There are a few problems I have with the terra map and how the AI plays it. First is that many AI's play with small empires for a very long time. The old world is not even close to being filled up until the industrial era on a few games where I played that far. It would seem to me that the AI likes to play small empires most of the time regardless of the mapsize so they can get many social polices. In Civ 4 the old world would be pretty much filled up with cities often by the middle of the game just when optics and astronomy were being pursued.
The second problem is there are a lot of barbarians in the new world, and the cost to your empire in safeguarding them from barbarians and the hit to your social policy advancement is pretty steep. Given the low growth and build rate of cities, any city founded in the new world is going to take forever to get all of the buildings set up to make it viable.
It would seem the AI likes to run settlers halfway across the map sometimes to try and nab a different region's luxury resource. This happened sometimes in Civ 4, but not too often as the borders expanded a lot quicker in that game so territories could be well established pretty easily. On one game I started up, Bismark was about 20 hexes from my capitol. I had horse, silver and gem in my capitol for resources. My borders expanded first to the horse and was working on the silver in the next 15 turns. Just when my first settler is almost done all of the sudden Bismark plops his 2nd city right next to my two lux resources, nabbing them before I could get them (sure I could have bought the tiles I suppose). I didn't feel like a warrior rush on him though so I just rolled the dice again on a different game.
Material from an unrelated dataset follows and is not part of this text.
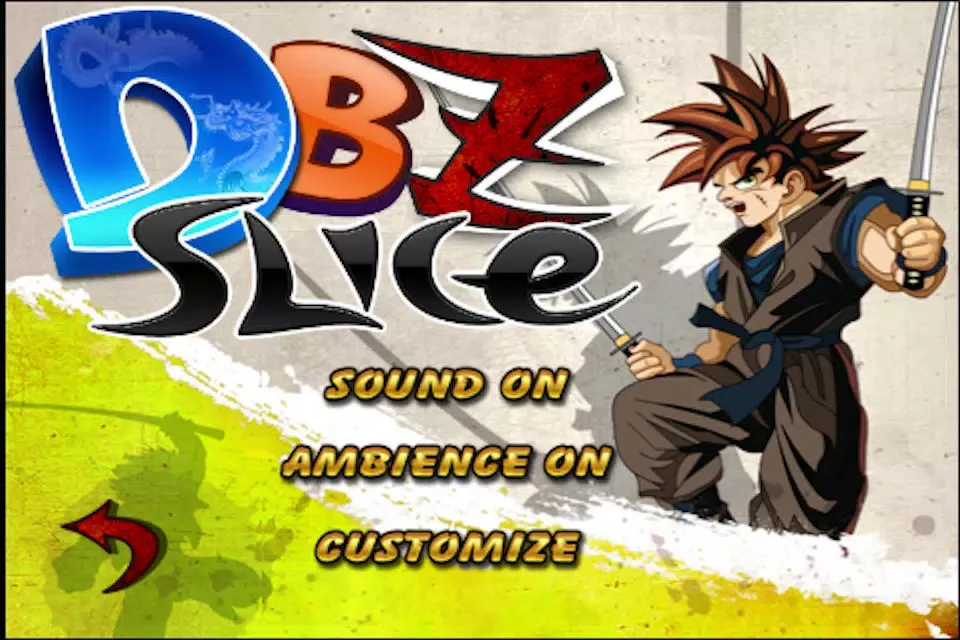 DBZ Slice HD Screenshots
After about a week I think I finally got the hang of the diplomacy and not to crowd my neighbor with cities unless I plan on having some wars. It seems that even if you have been friendly with a civ for a very long time as soon as you two share a border all deals fall through and soon threats and war are soon to follow no matter who the leader is (Ghandi?? really?).
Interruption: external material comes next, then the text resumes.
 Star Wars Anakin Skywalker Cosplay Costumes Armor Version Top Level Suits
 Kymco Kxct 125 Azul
In short, it plays a lot less than a world builder and a lot more like a war game, which is okay I guess. I just miss having allies that I could develop good relations with without having them stab me in the back as soon as our cities start getting too close. Its far too easy to just steamroll the old world with an army than it is to worry about setting up new colonies, and of the few times I have fully explored the new world there are maybe 2-3 good sites that have luxury resources I lack and the rest is just filler to boost your econ and slow down your social agendas.
Just a rant about the script, any other Terra map players feel the same of different?
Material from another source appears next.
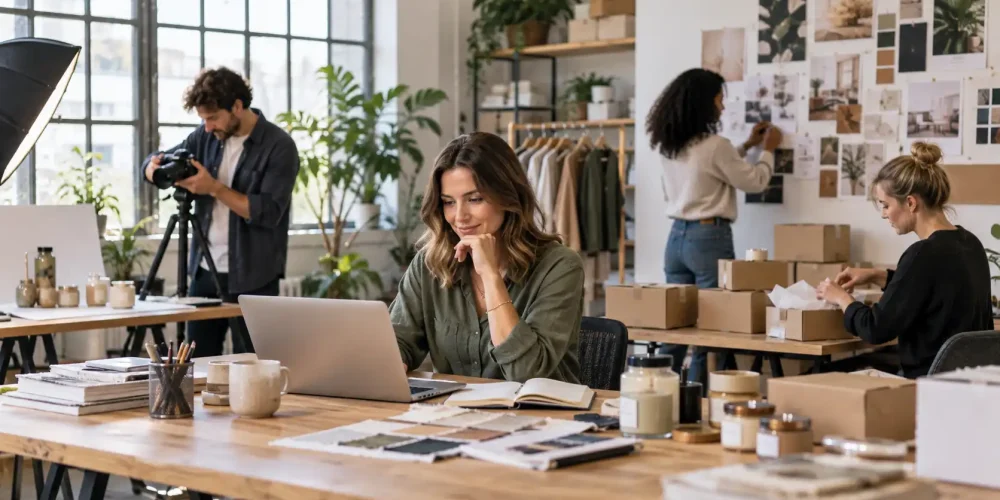 Creative Entrepreneurs Expand Into a Scalable Business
There are a few problems I have with the terra map and how the AI plays it. First is that many AI's play with small empires for a very long time. The old world is not even close to being filled up until the industrial era on a few games where I played that far. It would seem to me that the AI likes to play small empires most of the time regardless of the mapsize so they can get many social polices. In Civ 4 the old world would be pretty much filled up with cities often by the middle of the game just when optics and astronomy were being pursued.
The second problem is there are a lot of barbarians in the new world, and the cost to your empire in safeguarding them from barbarians and the hit to your social policy advancement is pretty steep. Given the low growth and build rate of cities, any city founded in the new world is going to take forever to get all of the buildings set up to make it viable.
It would seem the AI likes to run settlers halfway across the map sometimes to try and nab a different region's luxury resource. This happened sometimes in Civ 4, but not too often as the borders expanded a lot quicker in that game so territories could be well established pretty easily. On one game I started up, Bismark was about 20 hexes from my capitol. I had horse, silver and gem in my capitol for resources. My borders expanded first to the horse and was working on the silver in the next 15 turns. Just when my first settler is almost done all of the sudden Bismark plops his 2nd city right next to my two lux resources, nabbing them before I could get them (sure I could have bought the tiles I suppose). I didn't feel like a warrior rush on him though so I just rolled the dice again on a different game.
After about a week I think I finally got the hang of the diplomacy and not to crowd my neighbor with cities unless I plan on having some wars. It seems that even if you have been friendly with a civ for a very long time as soon as you two share a border all deals fall through and soon threats and war are soon to follow no matter who the leader is (Ghandi?? really?).
In short, it plays a lot less than a world builder and a lot more like a war game, which is okay I guess. I just miss having allies that I could develop good relations with without having them stab me in the back as soon as our cities start getting too close. Its far too easy to just steamroll the old world with an army than it is to worry about setting up new colonies, and of the few times I have fully explored the new world there are maybe 2-3 good sites that have luxury resources I lack and the rest is just filler to boost your econ and slow down your social agendas.
Just a rant about the script, any other Terra map players feel the same of different?